Despite multiple failures - including untreated sewage polluting a popular swimming beach - the company running Wellington's four wastewater treatment plants is keeping its multi-million dollar contract for now.
An independent report released today has found the French-owned multinational Veolia failed to carry out basic asset management, including regular maintenance.
Wellington Water - which is jointly owned by the region's councils - commissioned the review in October 2021 after issuing 10 warnings, infringement, and abatement notices to the company Veolia over the previous 18 months.
It was a member of the public who alerted Wellington Water to a contaminated sludge spill in Porirua's Titahi Bay last August after Veolia failed to notify it.
The independent review found the breaches and non-compliances were "avoidable".
"These were due to one or more of: human error; lack of resources; poor judgement; inadequate procedures; insufficient management oversight; or absence of planning."
The problems were not due to a lack of money, the review stated.
"There were no issues raised in relation to insufficient funds, or that the tenders had been bid at a price that was proving difficult for Veolia to sustain."
The French-owned company, which has operated Moa Point and Western wastewater treatments plants since 2004, was awarded a 10-year contract to run all four plants in 2019.
Veolia's performance had "adversely affected the trust and confidence of Client Councils, iwi, stakeholders and community groups in Wellington Water".
There was now a lack of trust between key personnel from both sides, they wrote.
For Veolia's part, its staff "viewed their treatment by Wellington Water as that of a 'master-slave relationship' and felt that client power dynamics may have impacted adversely on Veolia's performance".
Veolia staff felt there have been too many reviews, taking them away from their operational delivery functions.
"Wellington Water has at times exhibited a blame approach rather than jointly problem-solving."
However, the reviewers concluded that terminating the contract and finding a replacement - either by going back to the market or bringing the contract in-house - would take too long, with no guarantee it would "run any better than the poor implementation of the current contract".
"Continuing with Veolia as the current operator on an improved performance basis, presented the lowest risk with the ability to achieve the aspirational goals."
Wellington Water chief executive Colin Crampton said it would continue its $17 million-a-year contract with Veolia, on the condition it overhauled its operations of the plants.
He accepted Wellington Water was partly to blame, in that it should have done a better job of managing the contractual relationship.
The report criticised the blurred lines of responsibility, poor communication, and unclear direction from Wellington Water.
"Crisis will happen and dysfunctional organisational cultures will be exposed.

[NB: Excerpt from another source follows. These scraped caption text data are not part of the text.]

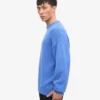 Übergroßes Rundhals-Shirt aus Merinowolle – Pazifikblau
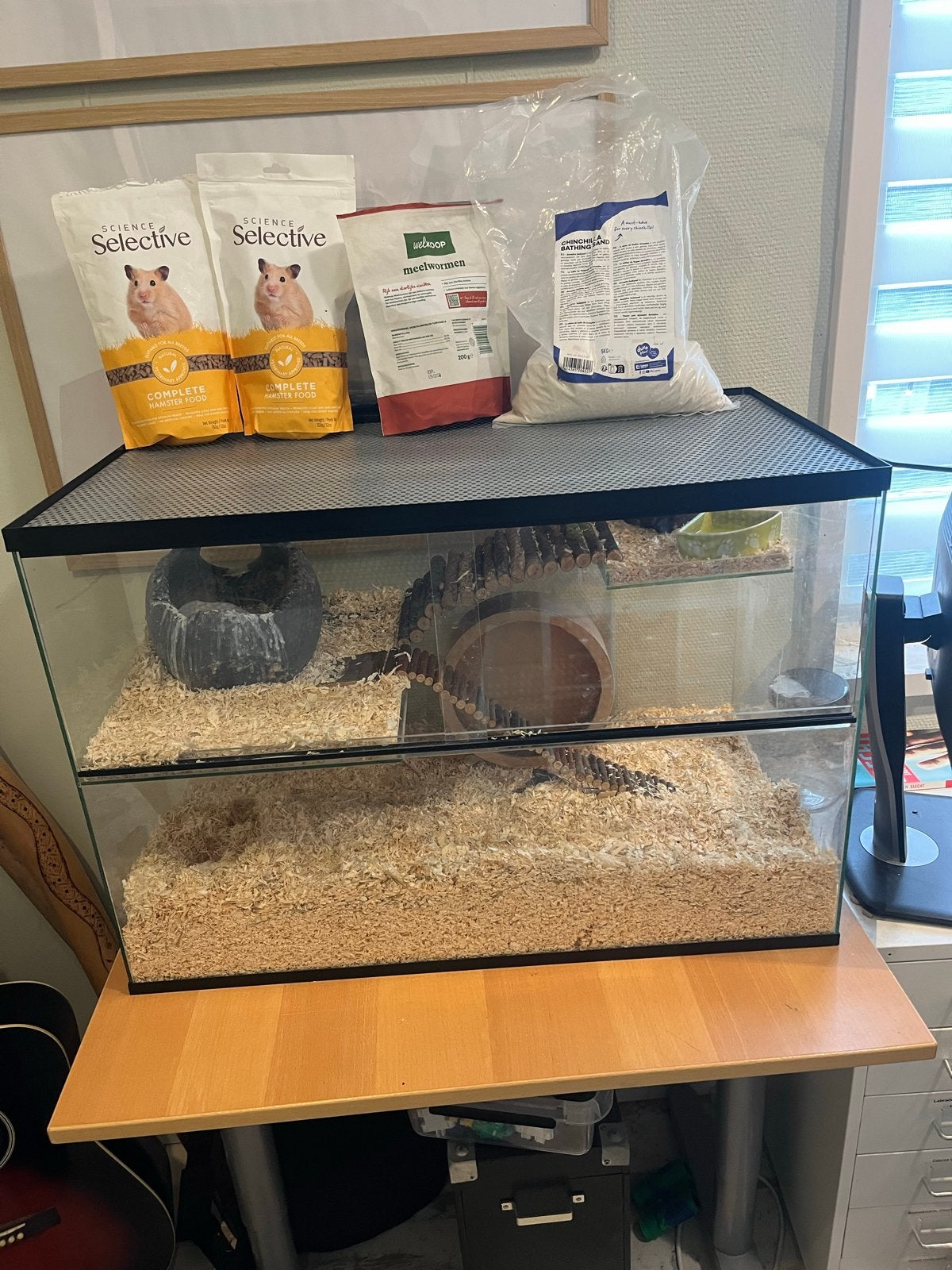 Gerbil/knaagdier kooi met dikstaartgerbil, Kooi, Minder dan 75 cm, Zo goed als nieuw, Ophalen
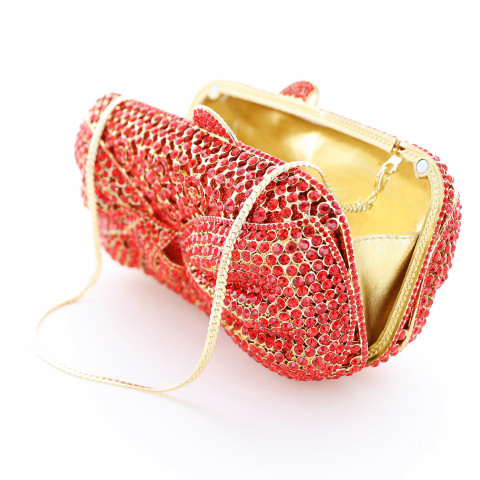Crystal-Embellished Bow Evening Clutch Crystal-Embellished Bow Evening Clutch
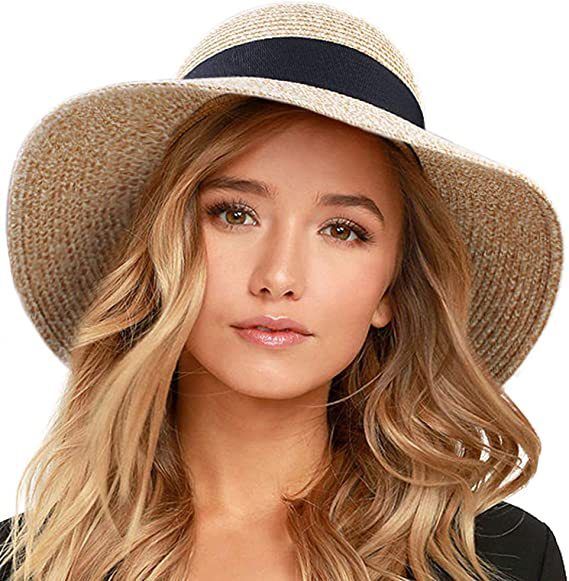 CM2210022 Women Sun Straw Hat Wide Brim Summer Hat Fold-able Roll up Floppy Beach Hats for Women Beach Cap Lightweight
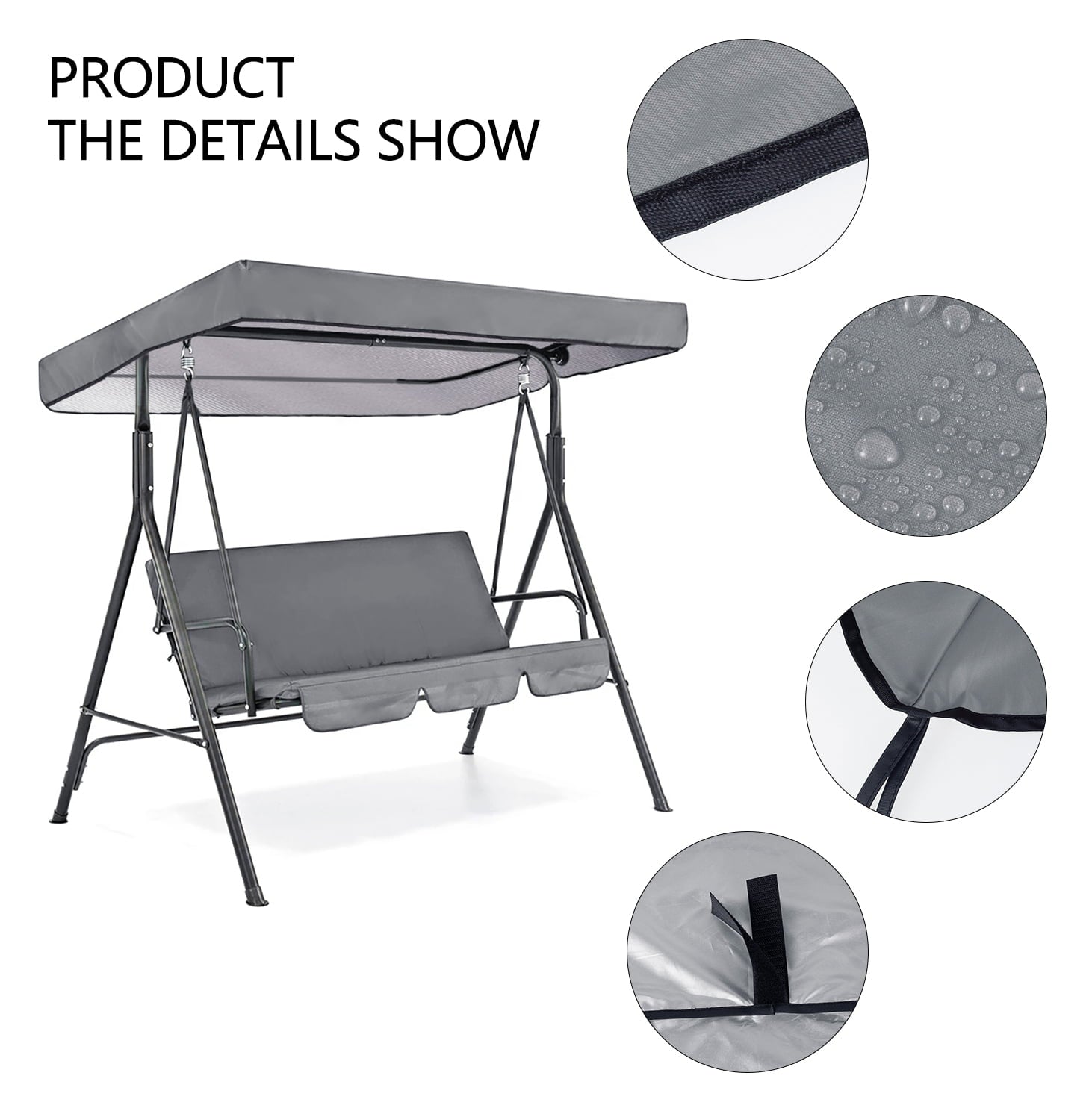 HOTBEST Garden Swing Seat Replacement Canopy,Swing Chair Cover, Waterproof 2 & 3 Seater Hammock Cover Top for Outdoor Patio Poolside, Balcony(no shelf)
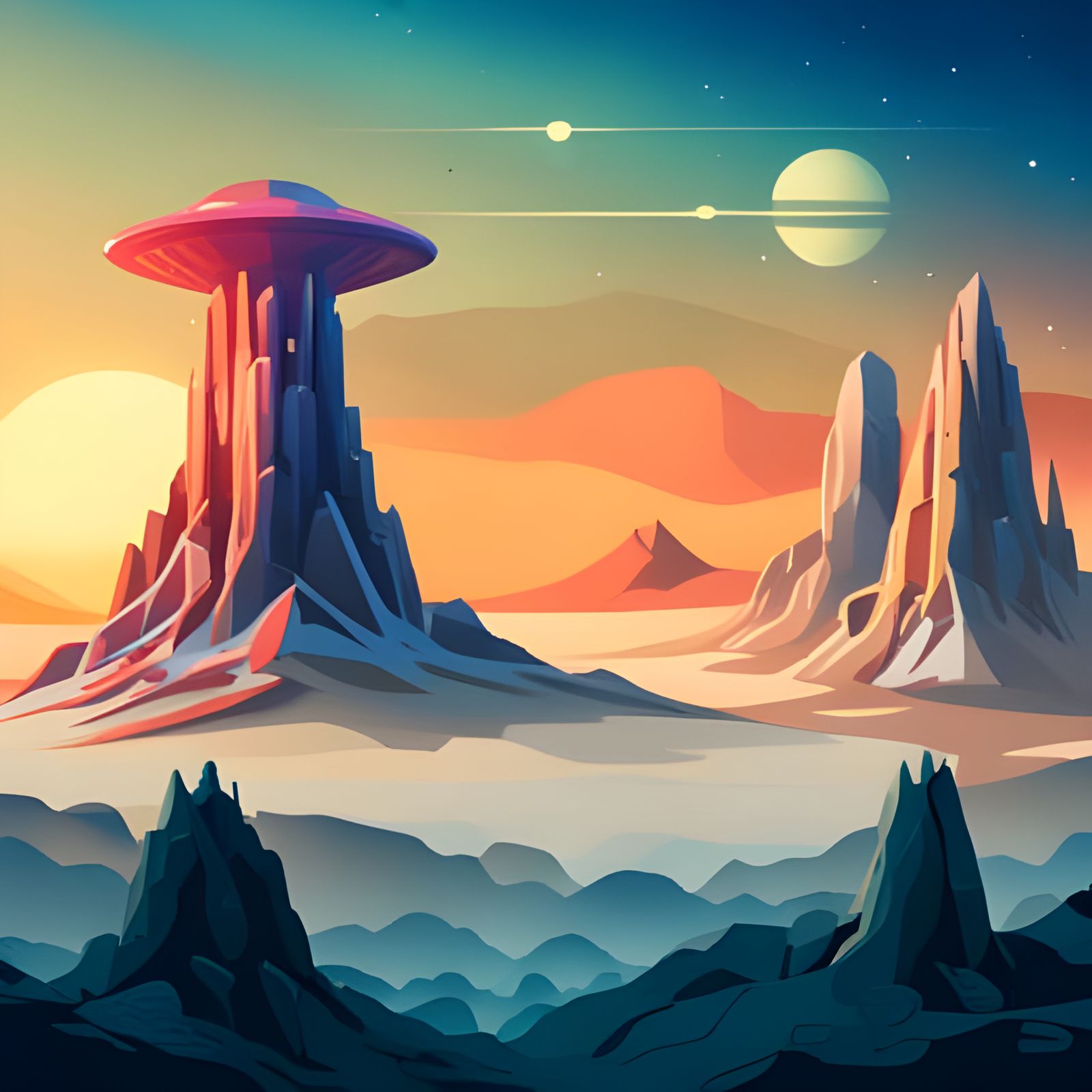 Magnificent Alien Mountain with Blooming Flowers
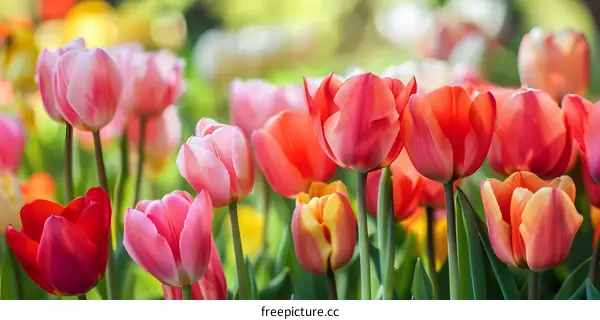 Colorful Tulips Blooming in a Garden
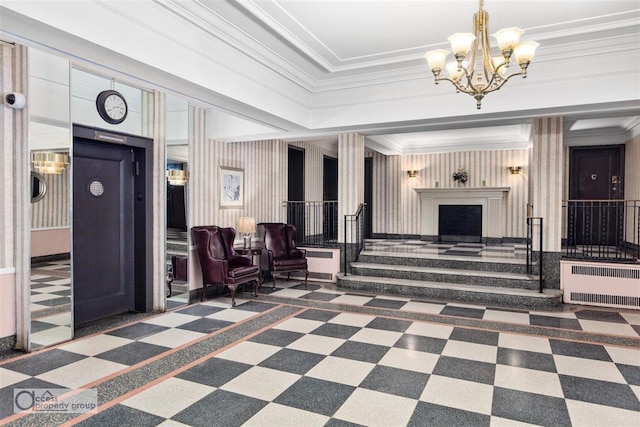 45 Park Ter W Unit 6E, New York City, NY 10034 - lobby featuring heating unit, stairs, and ornamental molding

The leadership of both organisations must work together rather than score points or deflect blame. They are there to serve the greater purpose of protecting public health and the environment."
Crampton said Wellington Water accepted the findings.
"We will work to enhance our capability, systems and processes to allow better management of Veolia."
A steering group made up of representatives from mana whenua, councils, Wellington Water, and Veolia has been set up to oversee implementation of the five key recommendations in the report.
These include ensuring Veolia has a fit-for-purpose structure to manage its contract, better performance management, asset management, and improved communications.